Please give every record below again exactly, and keep the pictures out.

- **Records for the task**:
=======

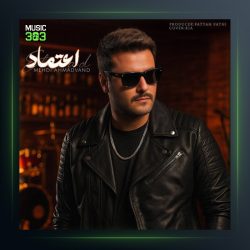 آهنگ مهدی احمدوند اعتماد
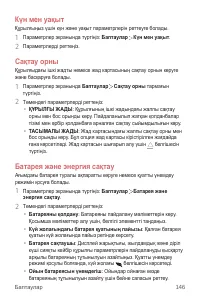 Страница 472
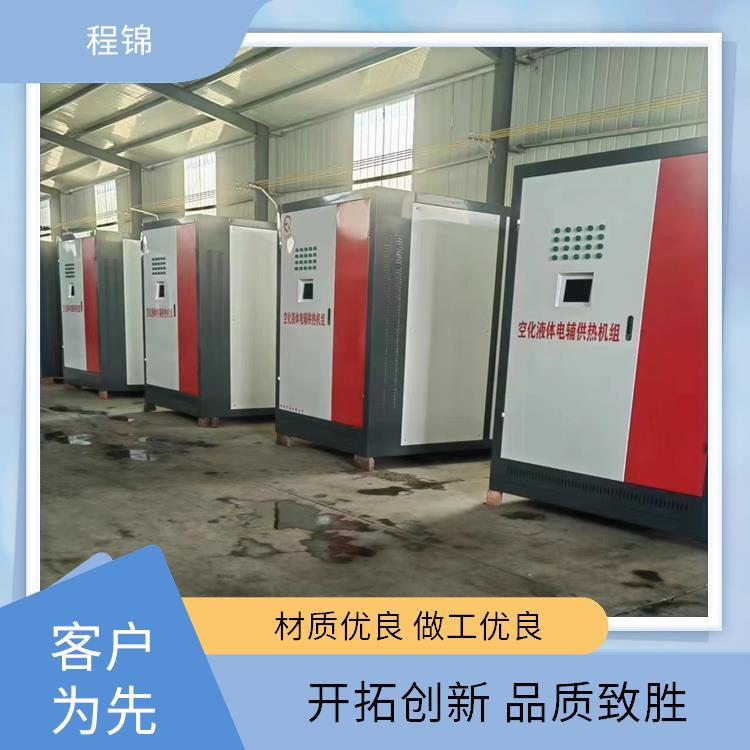 程锦空化供暖锅炉 长方外形全封闭压缩机 大棚养殖用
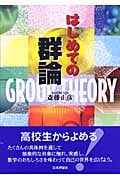 はじめての群論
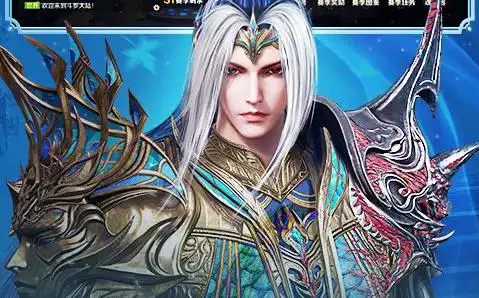 猪八戒西部大镖客 王者荣耀猪八戒西部大镖客皮肤怎么获取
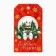 Schildik for a gift “Happy New Year!”, New Year's ball, 4.7 x 8 cm, New Year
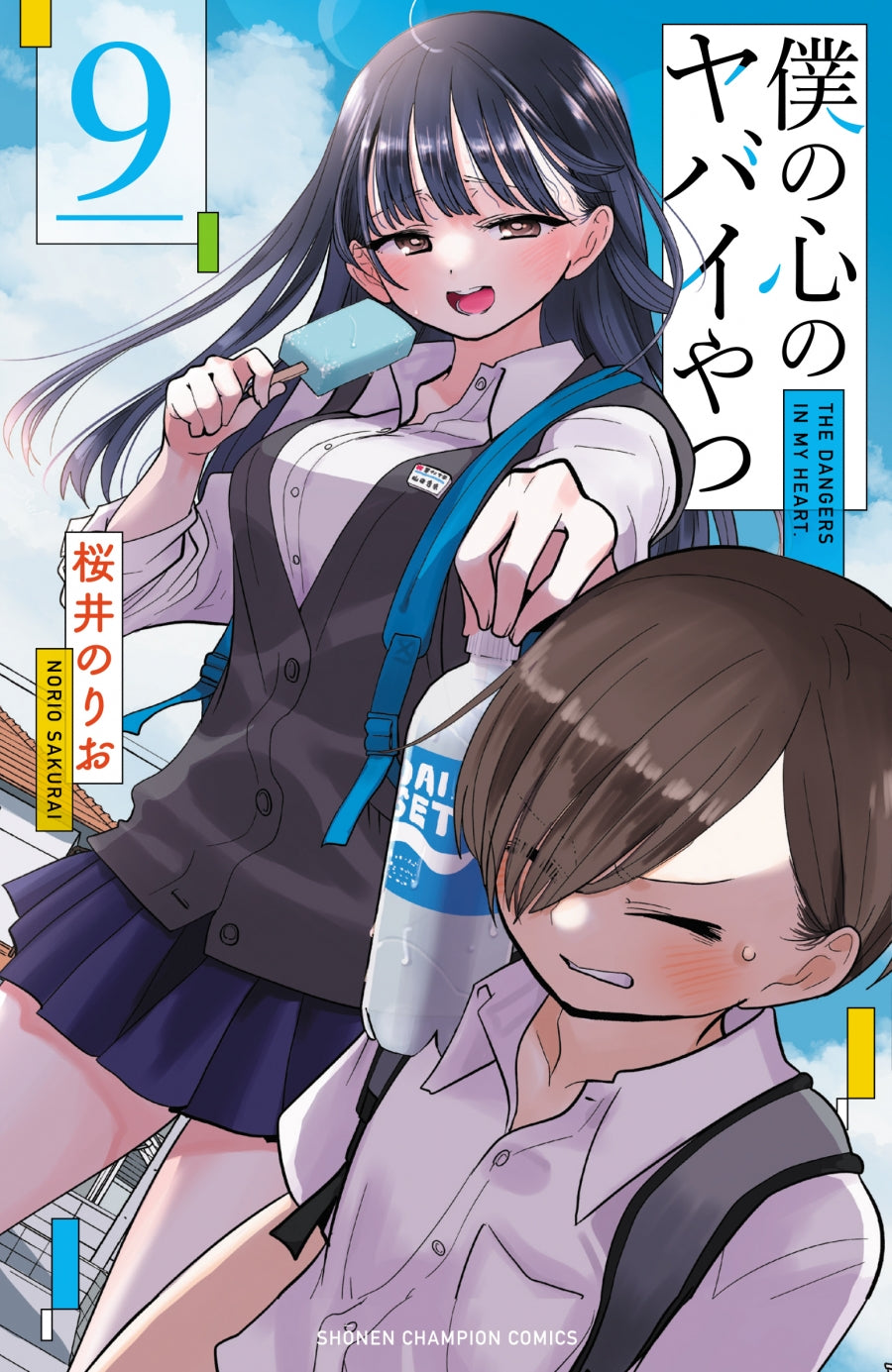 [t](Book - Comic) The Dangers in My Heart Vol. 1-13 [13 Book Set]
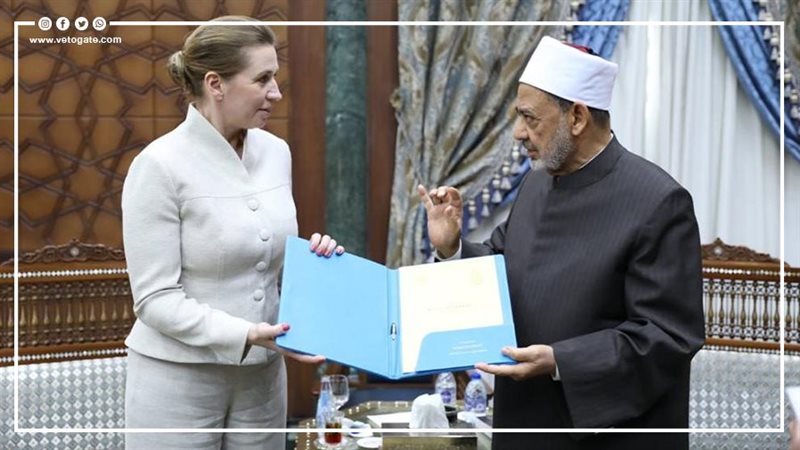 الدكتور أحمد الطيب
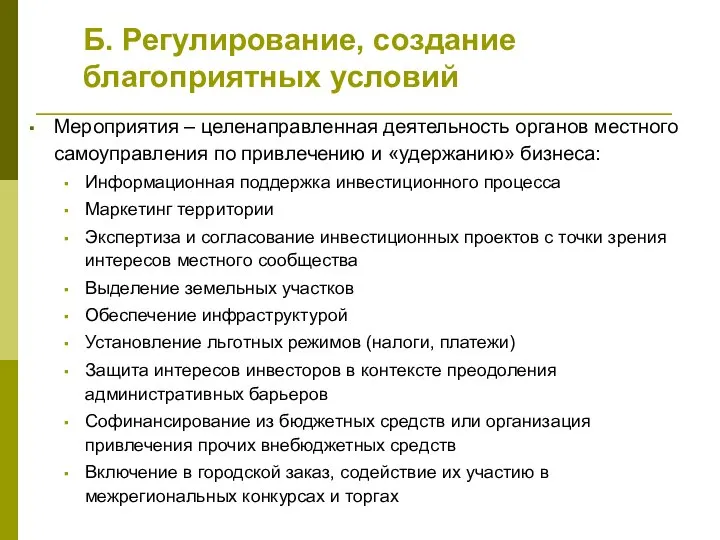 Б. Регулирование, создание благоприятных условий Мероприятия – целенаправленная деятельность органов местного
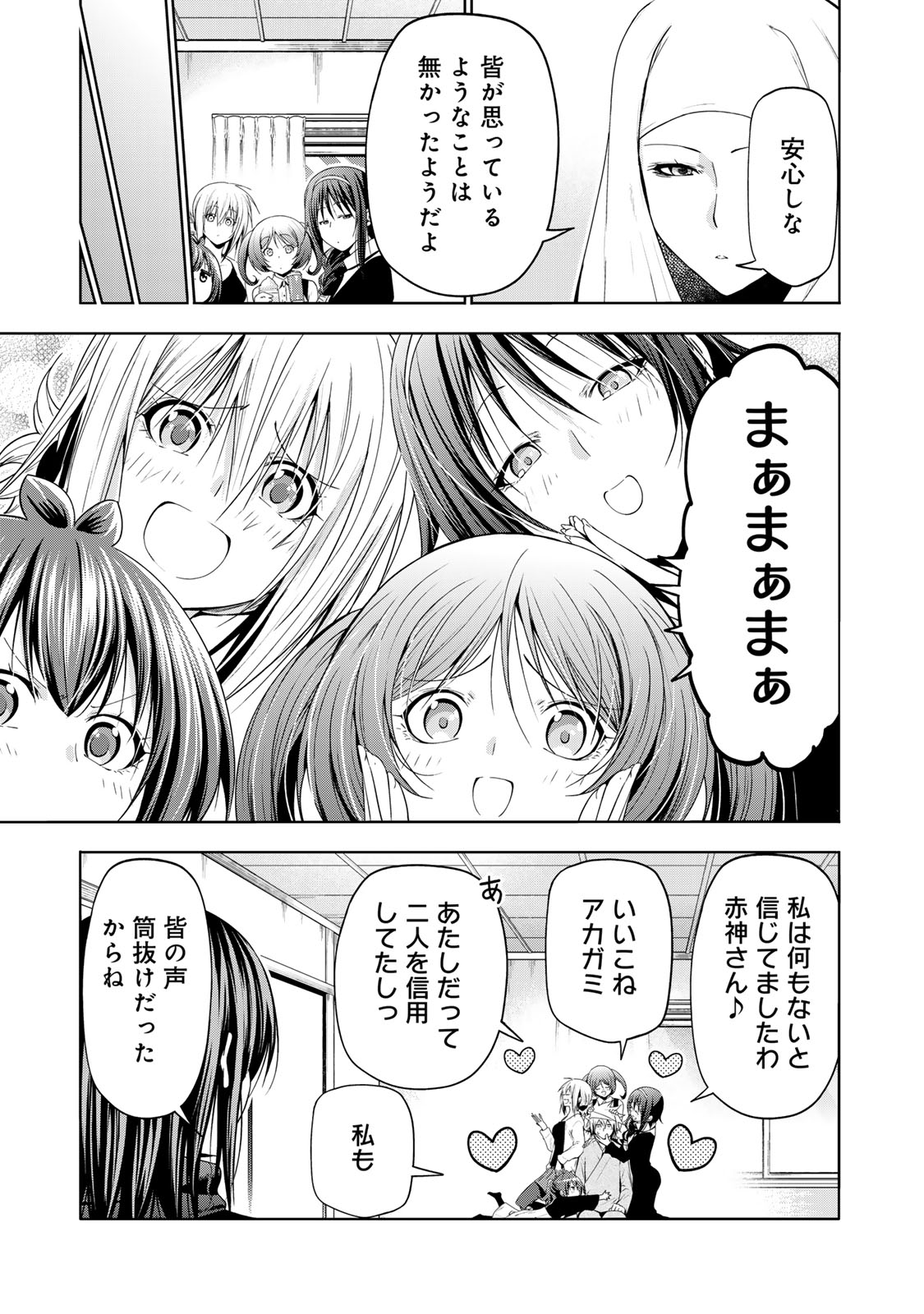 てんぷる - 第108話 - Page 17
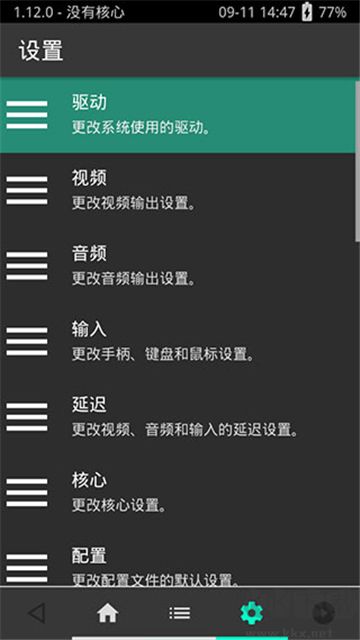 psv模擬器app漢化版 v1.19.10
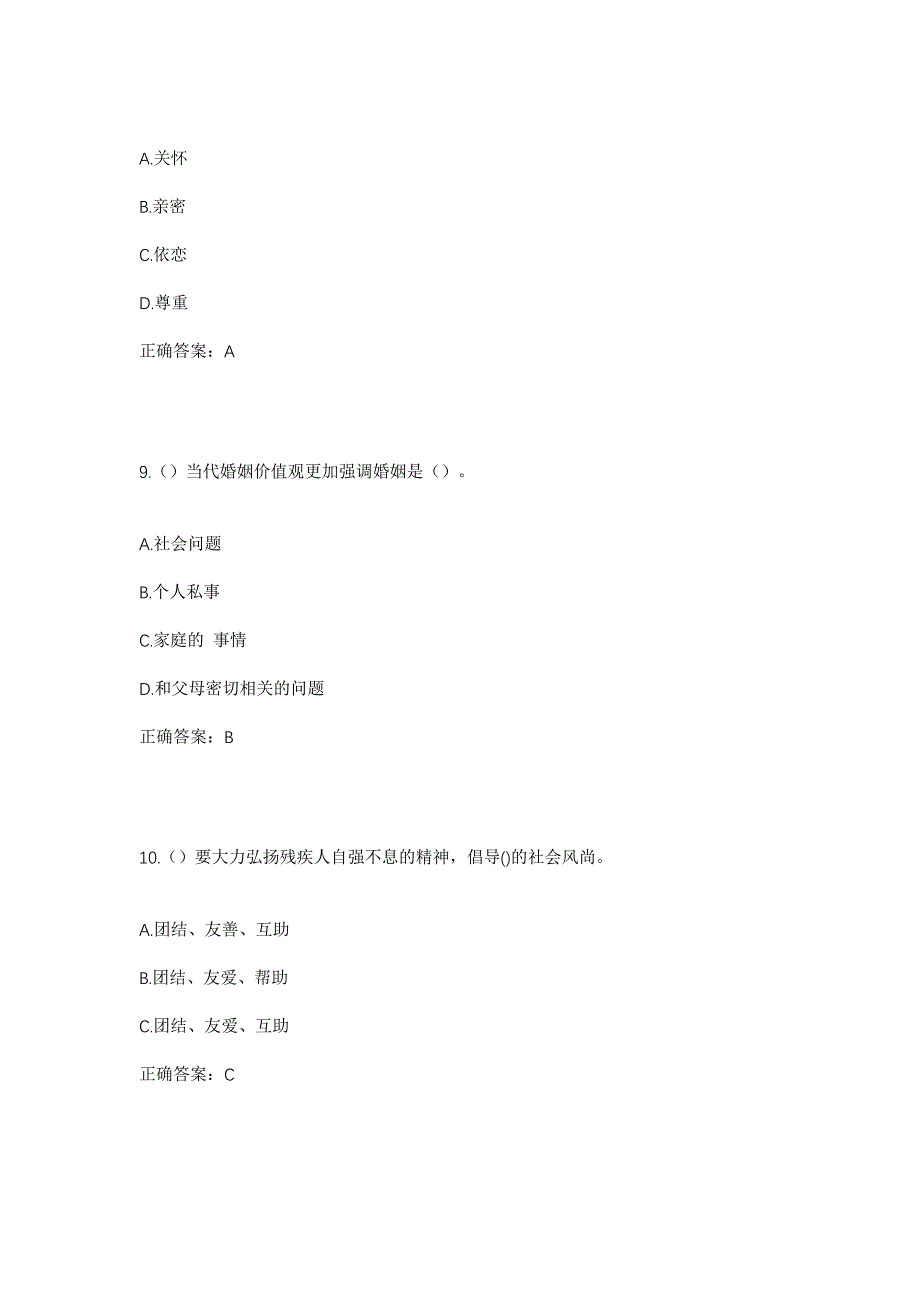 2023年广东省梅州市兴宁市叶塘镇西山村社区工作人员考试模拟题及答案_第4页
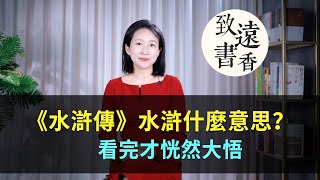 《水滸傳》中的「水滸」什麼意思？看完恍然大悟！中華文化博大精深！-致遠書香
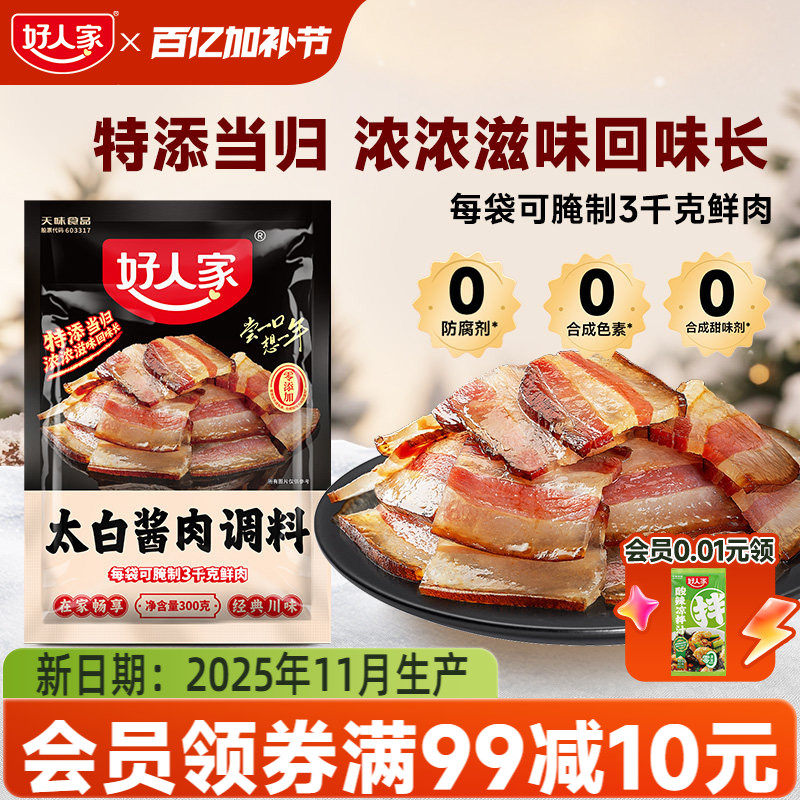 好人家太白酱肉腌料300g四川特产酱香风味腌肉川菜风干香肠腊肉料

=======

- **Completed exercise**:
 آهنگ مهدی احمدوند اعتماد
 Страница 472
 程锦空化供暖锅炉 长方外形全封闭压缩机 大棚养殖用
 はじめての群論
 猪八戒西部大镖客 王者荣耀猪八戒西部大镖客皮肤怎么获取
 Schildik for a gift “Happy New Year!”, New Year's ball, 4.7 x 8 cm, New Year
 [t](Book - Comic) The Dangers in My Heart Vol. 1-13 [13 Book Set]
 الدكتور أحمد الطيب
 Б. Регулирование, создание благоприятных условий Мероприятия – целенаправленная деятельность органов местного
 てんぷる - 第108話 - Page 17
 psv模擬器app漢化版 v1.19.10
 2023年广东省梅州市兴宁市叶塘镇西山村社区工作人员考试模拟题及答案_第4页
 《水滸傳》中的「水滸」什麼意思？看完恍然大悟！中華文化博大精深！-致遠書香
 好人家太白酱肉腌料300g四川特产酱香风味腌肉川菜风干香肠腊肉料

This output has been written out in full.